I picked up a Faller Tyrell car with a busted wing in a lot on an auction site in Germany. ...it was missing half of its rear wing, but it looked like a challenging project to me!


----------



## bodge (Oct 17, 2014)

Here's the "before" shot:



I had a smashed Shadow - the perfect source for some donor plastic!



Here's the patch, glued in with some Plastruct plastic welder. I needed to wait a few days before filing and sanding it flush, since the solvent takes a while to fully evaporate, so if I were to sand too soon, the glue line would sink a bit.



...after shaping the horizontal patch:




...and here it is with the side piece to the rear wing shaped and glued in place:



I still need to paint the wing (I need to learn how to use an airbrush) and duplicate the stickers. ...Or just put a sticker on the rear wing - it covers the painted area anyway.

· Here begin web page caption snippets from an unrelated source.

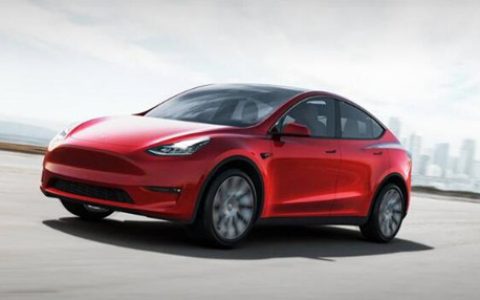 消息称特斯拉电动汽车去年在美国销售超过63万辆 但低于国内市场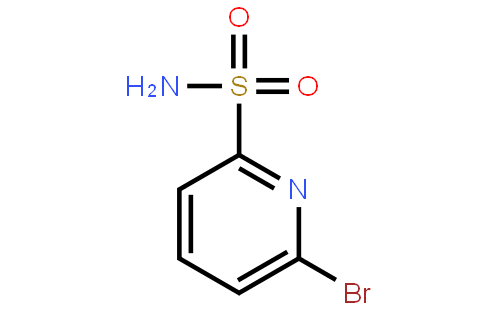 6-Bromopyridine-2-sulfonamide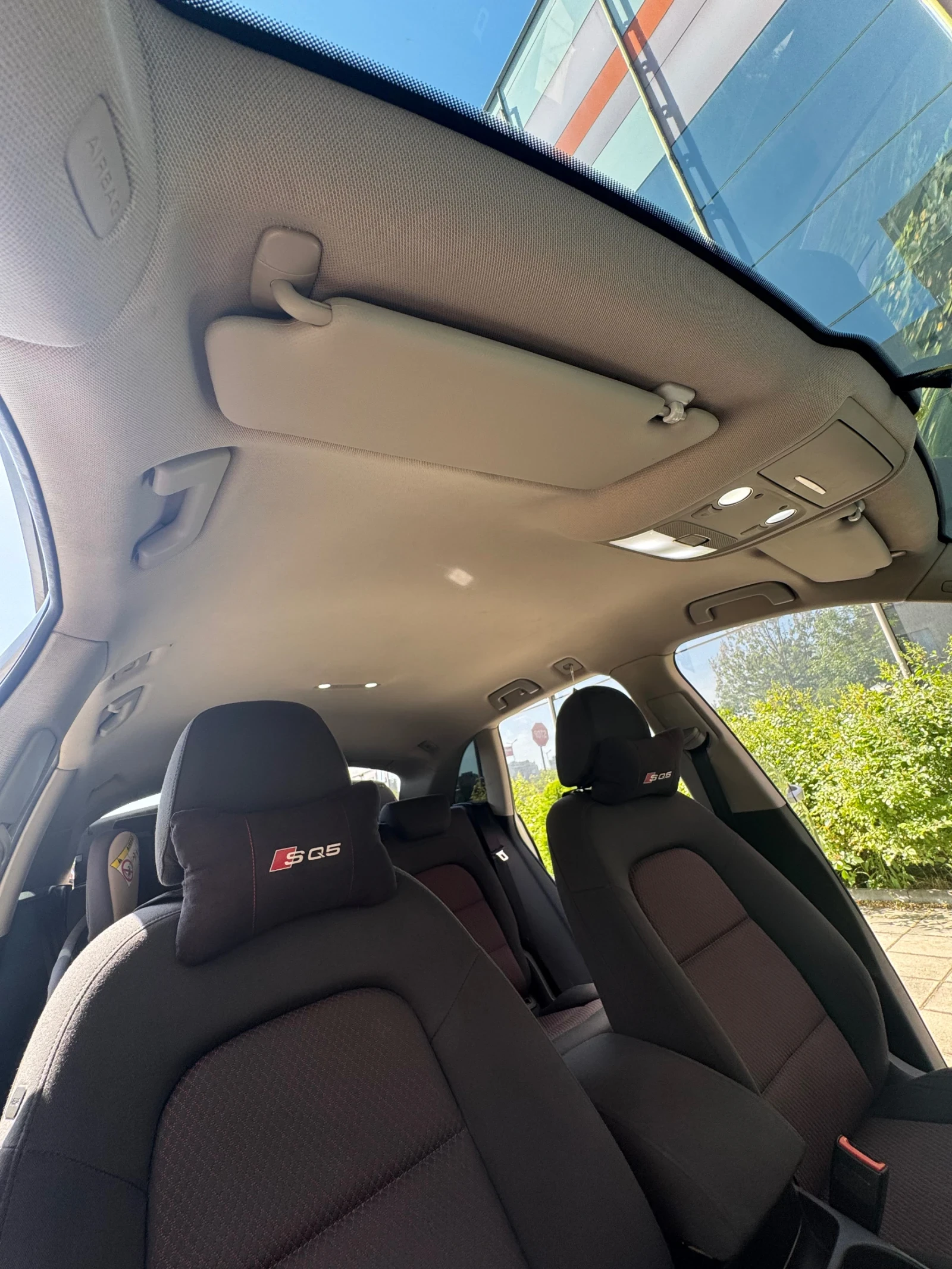 Audi Q5 2.0 tdi, снимка 8 - Автомобили и джипове - 54669449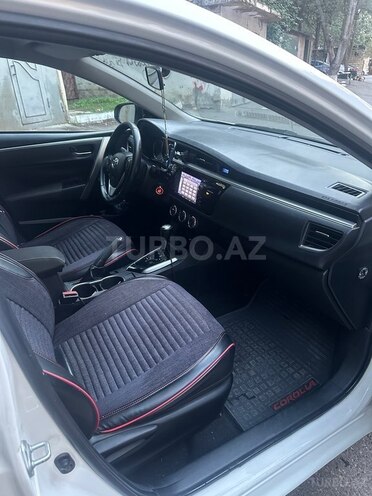 Toyota Corolla 2014, 193,000 km - 1.6 l - Bakı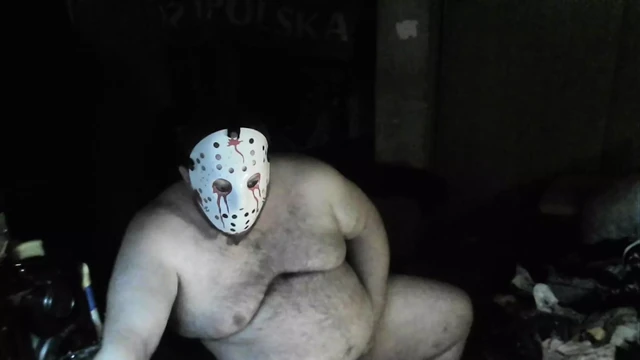 I Jerk off My Cock in a Condom Until I Cum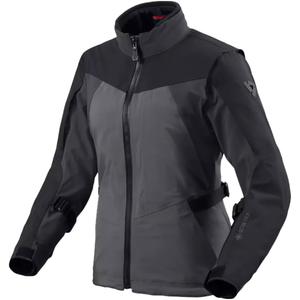 Revit Lamina GTX motorjack grijs-zwart voor dames
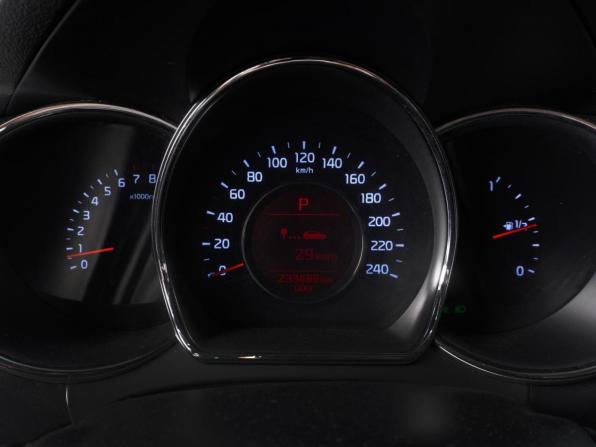 Kia Ceed II с пробегом 2013 года, цена 1 035 000 рублей, 233485 км, хэтчбек, Автокод Объявления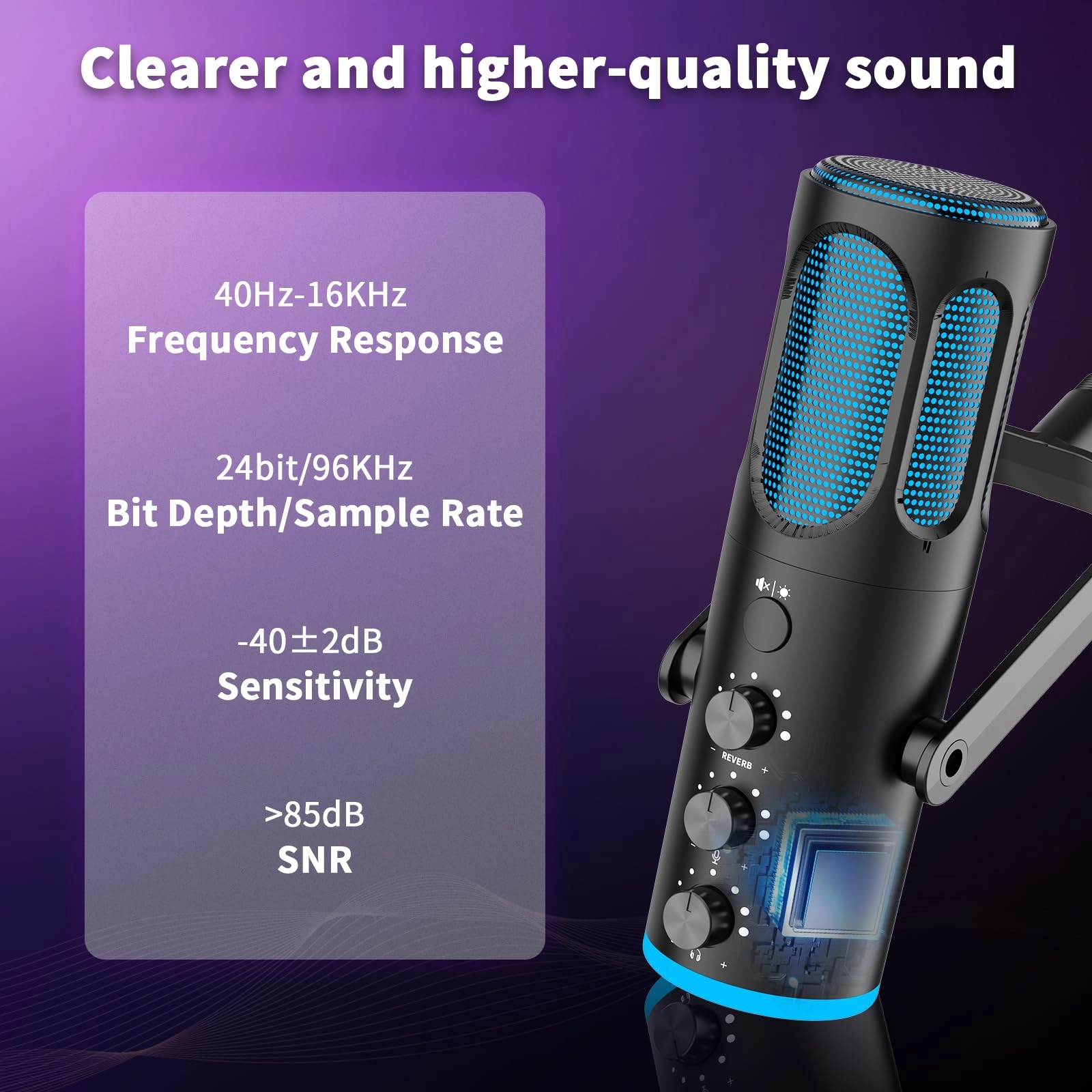 C1 USB Microphone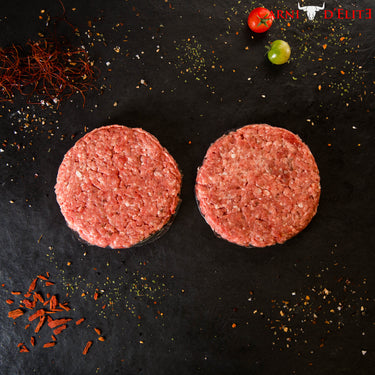 HAMBURGER OMEGA 3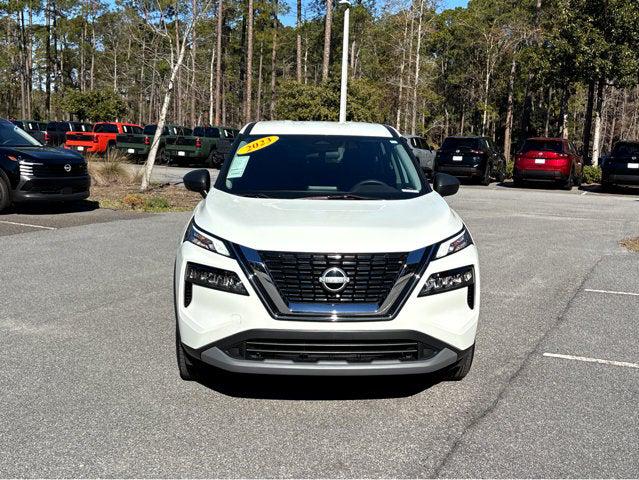 2023 Nissan Rogue S FWD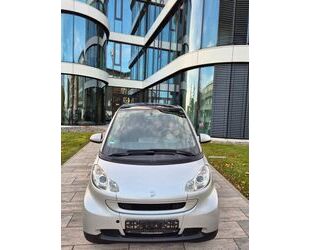 Smart Smart ForTwo coupé 1.0 52kW Edition mhd Edition Gebrauchtwagen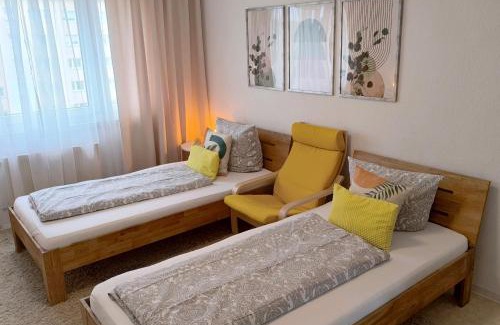 Leutzsch Apartment | Apartment E - feel good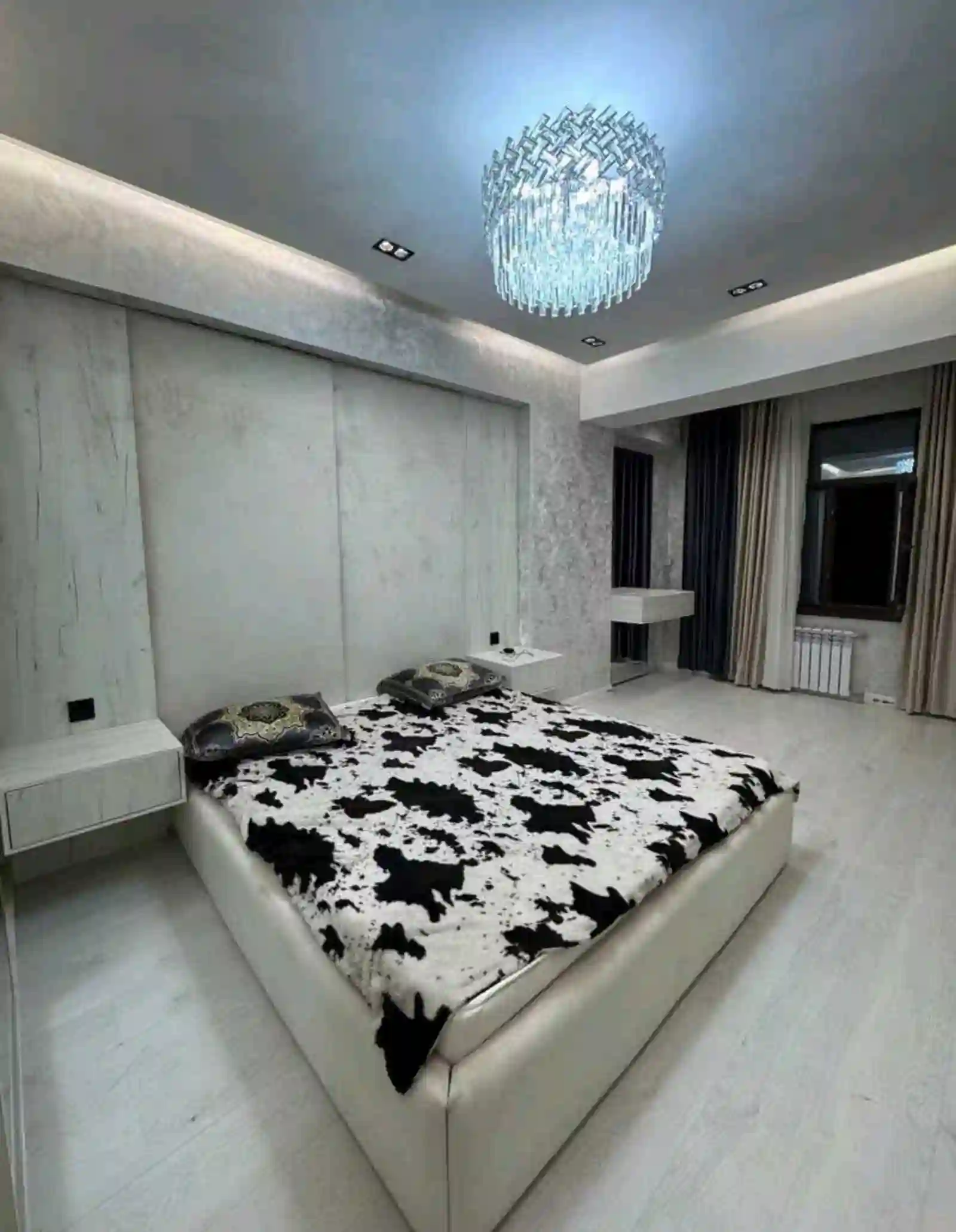 2-к квартира, 7 этаж, 75 м², Сино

I'm happy with how it turned out - a cheap way to get a rare car presentable again!


----------



## alpink (Aug 22, 2010)

congrats on the save/restoration. 
what WOULD we do without Shadows?
LOL


----------



## bodge (Oct 17, 2014)

alpink said:


> congrats on the save/restoration.
> what WOULD we do without Shadows?
> LOL


I only wish they were plentiful in some more useful colors! (I need some translucent yellow plastic wreckage to fix another car, but it'll probably take a while to find a donor that isn't worth saving.)


----------



## Bill Hall (Jan 6, 2007)

bodge said:


> I only wish they were plentiful in some more useful colors! (I need some translucent yellow plastic wreckage to fix another car, but it'll probably take a while to find a donor that isn't worth saving.)


Nice clean work! Bonus points for turning it inside out and upside down to create the rear kick. 

You may get lucky and someone will see your flare. If not, for translucent yellow tones, watch the Junk body lots for AFX 55 Belairs. You will also see that shade in Speedline. Even if you dont nail it, it can be color blended on the model if you have enough remnant.


----------



## bodge (Oct 17, 2014)

Bill Hall said:


> Even if you dont nail it, it can be color blended on the model if you have enough remnant.


Thanks!

By color blend, do you mean going over the repair with a thin layer of paint to get it to match the original plastic?

Some of the colors can vary a lot depending on the environment they've been in for the past 30 or 40 years.


----------



## Bill Hall (Jan 6, 2007)

No paint.

The parent and donor plastic are blended together right on the model.


----------